►

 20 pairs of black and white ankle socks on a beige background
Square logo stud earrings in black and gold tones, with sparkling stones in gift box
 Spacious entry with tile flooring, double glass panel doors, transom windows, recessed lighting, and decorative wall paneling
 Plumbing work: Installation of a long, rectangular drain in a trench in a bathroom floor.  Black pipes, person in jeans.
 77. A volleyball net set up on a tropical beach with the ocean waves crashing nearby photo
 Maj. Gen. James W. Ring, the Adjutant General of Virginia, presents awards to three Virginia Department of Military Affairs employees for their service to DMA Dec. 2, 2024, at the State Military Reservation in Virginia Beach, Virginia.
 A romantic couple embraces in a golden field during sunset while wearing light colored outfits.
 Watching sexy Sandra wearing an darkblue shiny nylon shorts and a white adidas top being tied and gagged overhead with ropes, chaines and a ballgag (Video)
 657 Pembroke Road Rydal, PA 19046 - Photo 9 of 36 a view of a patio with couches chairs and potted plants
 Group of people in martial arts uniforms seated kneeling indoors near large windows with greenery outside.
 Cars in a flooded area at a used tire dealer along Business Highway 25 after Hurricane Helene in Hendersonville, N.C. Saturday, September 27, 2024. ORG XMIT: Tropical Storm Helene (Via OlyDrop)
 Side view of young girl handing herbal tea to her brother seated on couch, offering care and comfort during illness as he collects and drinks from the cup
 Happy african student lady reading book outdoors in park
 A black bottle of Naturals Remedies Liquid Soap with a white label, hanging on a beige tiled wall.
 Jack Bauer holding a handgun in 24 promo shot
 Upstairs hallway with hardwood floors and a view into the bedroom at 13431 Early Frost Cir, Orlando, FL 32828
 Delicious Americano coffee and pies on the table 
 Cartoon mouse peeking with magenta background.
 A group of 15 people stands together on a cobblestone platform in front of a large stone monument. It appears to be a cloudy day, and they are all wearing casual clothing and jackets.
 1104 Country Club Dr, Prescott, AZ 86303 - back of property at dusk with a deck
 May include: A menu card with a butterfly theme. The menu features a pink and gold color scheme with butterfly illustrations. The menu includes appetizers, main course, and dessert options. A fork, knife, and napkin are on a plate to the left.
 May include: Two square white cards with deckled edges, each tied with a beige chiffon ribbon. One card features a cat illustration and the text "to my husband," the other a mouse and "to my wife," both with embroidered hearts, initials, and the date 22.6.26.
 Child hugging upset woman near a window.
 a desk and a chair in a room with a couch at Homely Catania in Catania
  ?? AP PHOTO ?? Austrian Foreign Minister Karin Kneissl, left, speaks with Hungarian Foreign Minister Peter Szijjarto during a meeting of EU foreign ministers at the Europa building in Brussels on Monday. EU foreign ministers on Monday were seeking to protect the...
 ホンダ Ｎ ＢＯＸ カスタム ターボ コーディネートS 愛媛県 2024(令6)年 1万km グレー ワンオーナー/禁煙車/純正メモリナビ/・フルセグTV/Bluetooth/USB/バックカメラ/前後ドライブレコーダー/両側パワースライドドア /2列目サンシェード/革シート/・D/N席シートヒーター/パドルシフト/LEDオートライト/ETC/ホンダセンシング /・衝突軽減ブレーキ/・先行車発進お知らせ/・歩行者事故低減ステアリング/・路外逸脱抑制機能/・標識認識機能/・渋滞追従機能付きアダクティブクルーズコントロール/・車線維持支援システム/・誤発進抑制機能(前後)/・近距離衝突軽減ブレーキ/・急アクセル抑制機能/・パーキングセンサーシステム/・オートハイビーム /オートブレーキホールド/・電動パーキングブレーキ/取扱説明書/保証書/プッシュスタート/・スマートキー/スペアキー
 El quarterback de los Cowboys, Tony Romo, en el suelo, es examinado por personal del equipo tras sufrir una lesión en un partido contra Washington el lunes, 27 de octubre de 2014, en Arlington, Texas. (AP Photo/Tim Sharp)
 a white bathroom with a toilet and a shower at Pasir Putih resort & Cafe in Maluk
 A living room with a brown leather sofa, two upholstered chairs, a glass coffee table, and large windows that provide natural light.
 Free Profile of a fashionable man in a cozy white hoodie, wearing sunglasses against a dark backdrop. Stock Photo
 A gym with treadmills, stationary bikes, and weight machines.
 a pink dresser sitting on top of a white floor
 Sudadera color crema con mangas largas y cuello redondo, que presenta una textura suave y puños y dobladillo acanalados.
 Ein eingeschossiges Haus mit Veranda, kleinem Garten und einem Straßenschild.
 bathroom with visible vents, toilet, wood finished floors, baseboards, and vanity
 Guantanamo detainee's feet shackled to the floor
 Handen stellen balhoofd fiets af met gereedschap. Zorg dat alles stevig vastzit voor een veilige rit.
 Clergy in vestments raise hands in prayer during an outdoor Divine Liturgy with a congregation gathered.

◄

> **Instructions to follow**: Which lines of the data contain "background"? Copy them all.

> **Expected answer**:
 20 pairs of black and white ankle socks on a beige background
 Cartoon mouse peeking with magenta background.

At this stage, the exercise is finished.